Once East Bengal became East Pakistan, however, the Islamic wave there began to give way to a growing secularist one. As elsewhere in the world, ideological movements in Bangladesh began to lose steam after their immediate goals were realized. Additionally, the use of Islamic slogans by West Pakistani elites in their economic exploitation and political suppression of East Pakistanis discredited Islamic political parties. Mujib now rode the crest of the secularist tide, bringing about East Pakistan’s secession from Pakistan and emergence as independent Bangladesh. The East Pakistanis who opposed that secession included the Islamists who are now facing trial for “treason.”

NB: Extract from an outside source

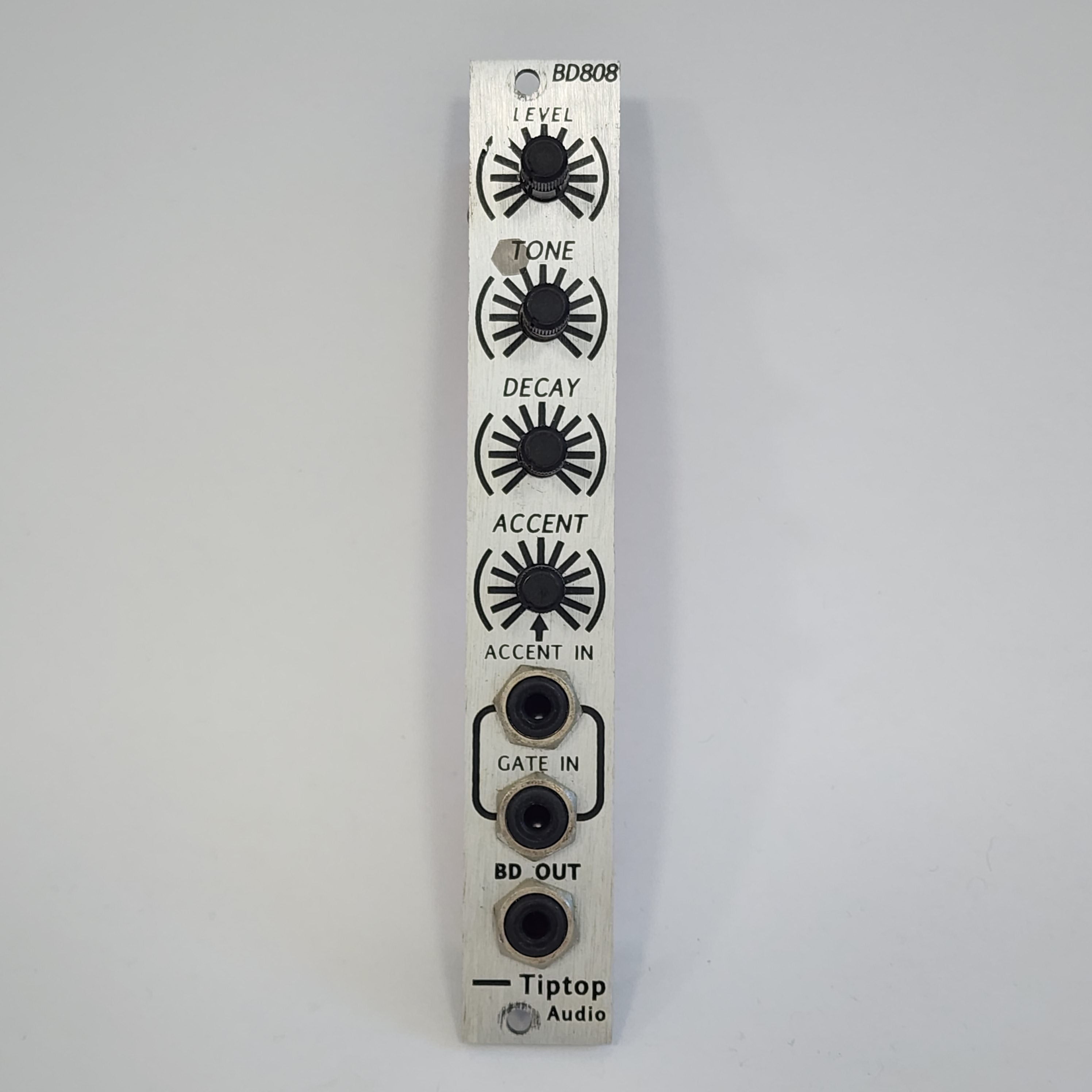 Tiptop Audio BD808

Bangladeshis paid a heavy price for their independence. During spring through mid-winter of 1971, West Pakistani troops slaughtered thousands of innocent men, women and children; and raped many Bangladeshi girls and women; while trying to suppress the movement. Post-independence, the Mujib government got “secularism” enshrined in Bangladesh’s first constitution as among its foundational principles.
But then, just as the Islamic wave in East Pakistan had begun to recede after the creation of Pakistan, the secularist wave in Bangladesh tapered off almost immediately after its independence from Pakistan. Now the Islamic surge that had accompanied the Pakistan movement nearly three decades before began to revive with a vengeance.

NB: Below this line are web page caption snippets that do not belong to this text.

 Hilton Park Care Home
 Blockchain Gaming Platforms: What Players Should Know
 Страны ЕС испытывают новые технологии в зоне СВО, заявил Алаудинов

Barely four years after Mujib created his “secular” and “socialist” Bangladesh, he and most of his family and Cabinet members were assassinated in coup d’teat by army officers. They resented his close ties to Hindu-majority India, which was seen exerting hegemony over Bangladesh. Most Bangladeshis shared this perception of him. Nobody mourned the “Father of the Nation” in public, let alone stage a protest against his assassination. Politicians who followed the new Islamic surge to power shelved the Mujib government’s secularist constitution, and at one point adopted a new one rebranding Bangladesh an “Islamic Republic.”
During trips to Bangladesh in the 1980s and 1990s I almost couldn’t believe my eyes as I saw droves of head-covered women milling about college campuses, where headscarves were a rarity during the country’s Pakistan phase. Mosques were proliferating all over Bangladesh and prayer congregations in many of them extended to the yards. Stores, automobiles, streets and schools for secular education flaunted Islamic names and signs as never before.

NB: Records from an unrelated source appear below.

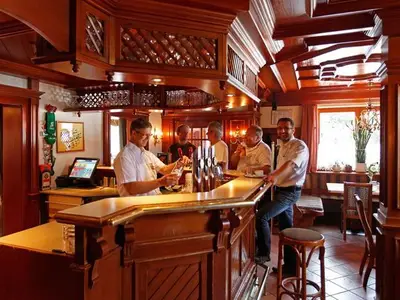 Suite für 4 Personen in Haus (Steiermark) 5/9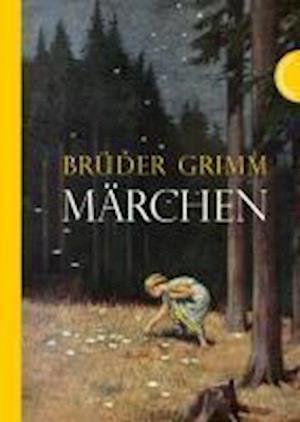 Märchen.Thienemann - J. Grimm - Bøger -  - 9783522182065 - 23. december 2009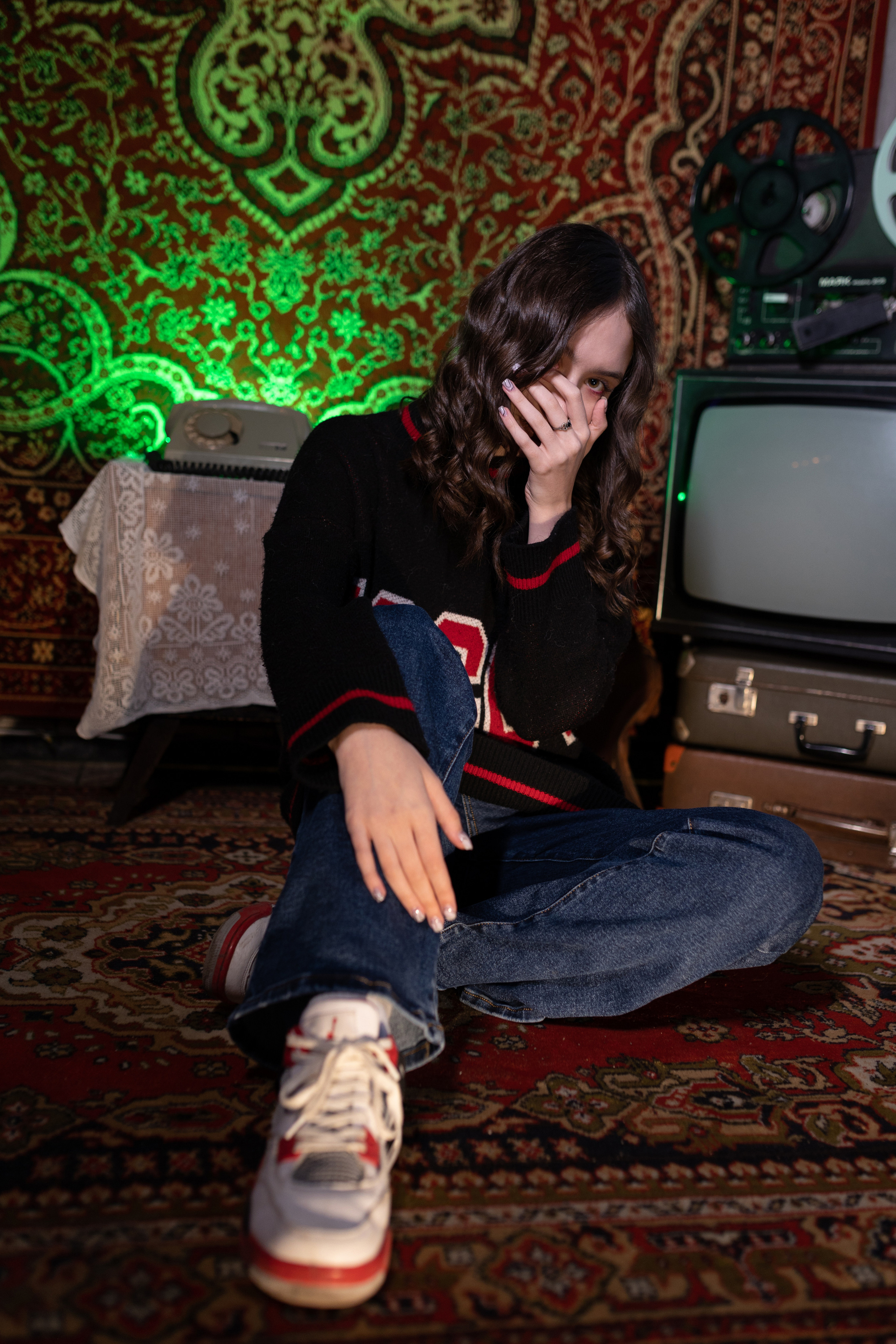 Школьная 90ые. Andrey Pospelove. Фотограф в Саратове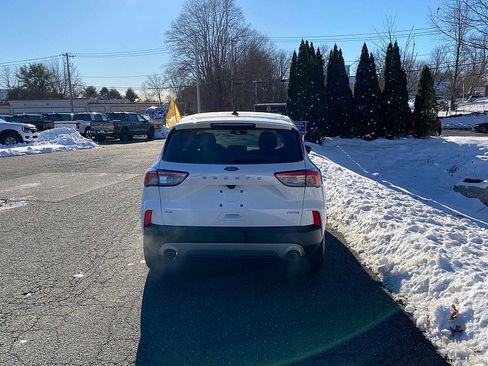 Certified 2022 Ford Escape SE w/ Convenience Package image 8
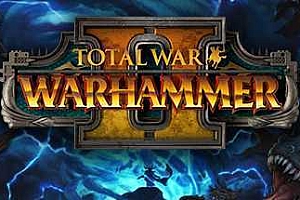 战锤：全面战争2/全面战争：战锤2/Total War: WARHAMMER II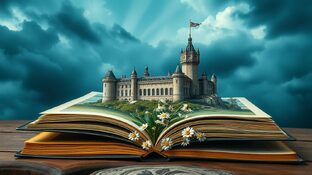 Мои любимые книги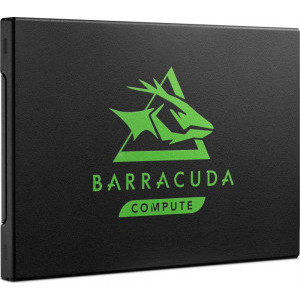 Seagate BarraCuda 120 1TB SATA-III 2.5 inch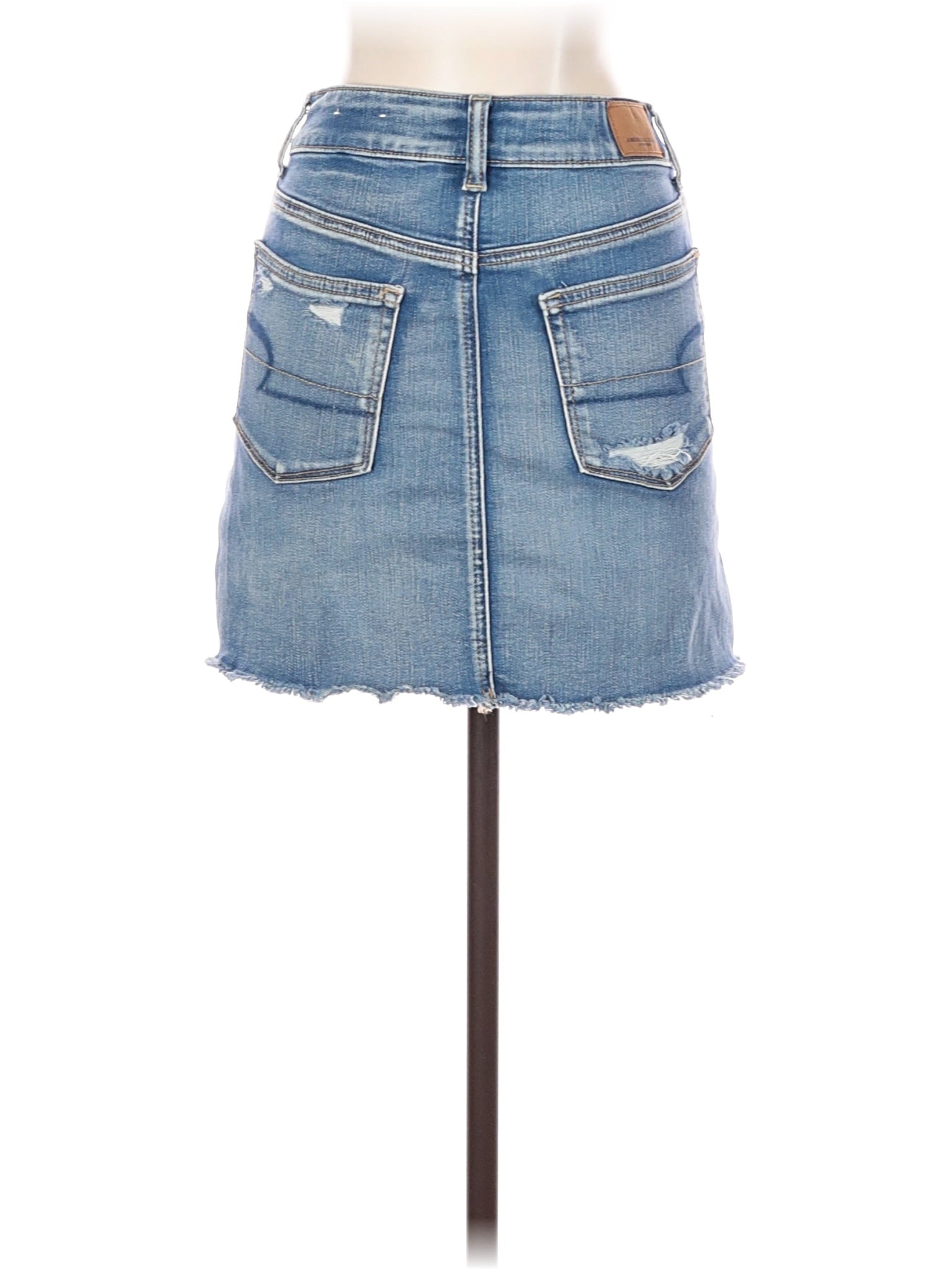 2 size - 2 long
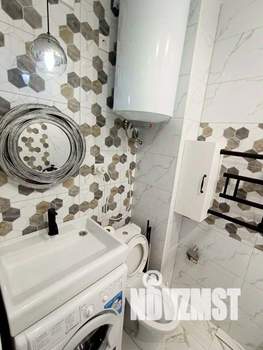 2-к квартира, посуточно, 45м2, 1/1 этаж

Hamidul Huq Chowdhury, an elder statesman who published my old newspaper, told me in 1982 that the new Islamic upsurge was “partly a reaction to an overdose of ‘Indiaphilia’” which disturbed many Islamic-minded Bangladeshis.
“But watch how long this [Islamic wind] lasts,” advised my old boss, a British-educated barrister.
Today’s secularist upsurge and the hounding of Islamists by secularists remind me of Chowdhury’s caveat. The point, though, is that while Bangladesh’s embattled Islamists and secularists have been going through ups and downs, neither side has been quite vanquished.
Neither needs to be. The histories of Western nations, many of them bloodier and more tumultuous, show that bitter ideological and political struggles often produce societal and national integration. Unlike many other nations, most Bangladeshis belong to a single religious community, Sunni Islamic; and a single ethnic community, Bengali. I can see them integrating into a relatively cohesive national society sooner than seems possible now. Meanwhile, as Bangladeshis go on modernizing, they will continue to secularize. But they’re unlikely to be unhinged from their Islamic cultural and social roots, anymore than any other modernizing Muslim society.